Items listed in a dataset
==*==

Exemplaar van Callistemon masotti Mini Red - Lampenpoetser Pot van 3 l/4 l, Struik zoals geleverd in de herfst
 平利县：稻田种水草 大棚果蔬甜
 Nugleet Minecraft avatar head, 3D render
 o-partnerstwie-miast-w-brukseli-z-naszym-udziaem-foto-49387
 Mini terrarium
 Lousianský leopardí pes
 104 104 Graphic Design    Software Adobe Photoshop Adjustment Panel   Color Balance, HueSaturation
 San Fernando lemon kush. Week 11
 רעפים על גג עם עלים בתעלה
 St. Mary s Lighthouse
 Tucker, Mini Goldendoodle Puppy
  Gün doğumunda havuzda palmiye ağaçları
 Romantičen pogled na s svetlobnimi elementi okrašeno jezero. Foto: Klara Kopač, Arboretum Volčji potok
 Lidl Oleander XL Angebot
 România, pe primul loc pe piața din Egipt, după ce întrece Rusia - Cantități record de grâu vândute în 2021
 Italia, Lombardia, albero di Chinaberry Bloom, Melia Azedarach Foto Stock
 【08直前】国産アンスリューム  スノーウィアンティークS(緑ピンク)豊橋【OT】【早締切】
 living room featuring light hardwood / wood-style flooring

==*==

To do: Please retype, without any change, the line containing "Italia, Lombardia, albero" and every line after it to the end of the entries above, and only those.

Task solution:
 Italia, Lombardia, albero di Chinaberry Bloom, Melia Azedarach Foto Stock
 【08直前】国産アンスリューム  スノーウィアンティークS(緑ピンク)豊橋【OT】【早締切】
 living room featuring light hardwood / wood-style flooring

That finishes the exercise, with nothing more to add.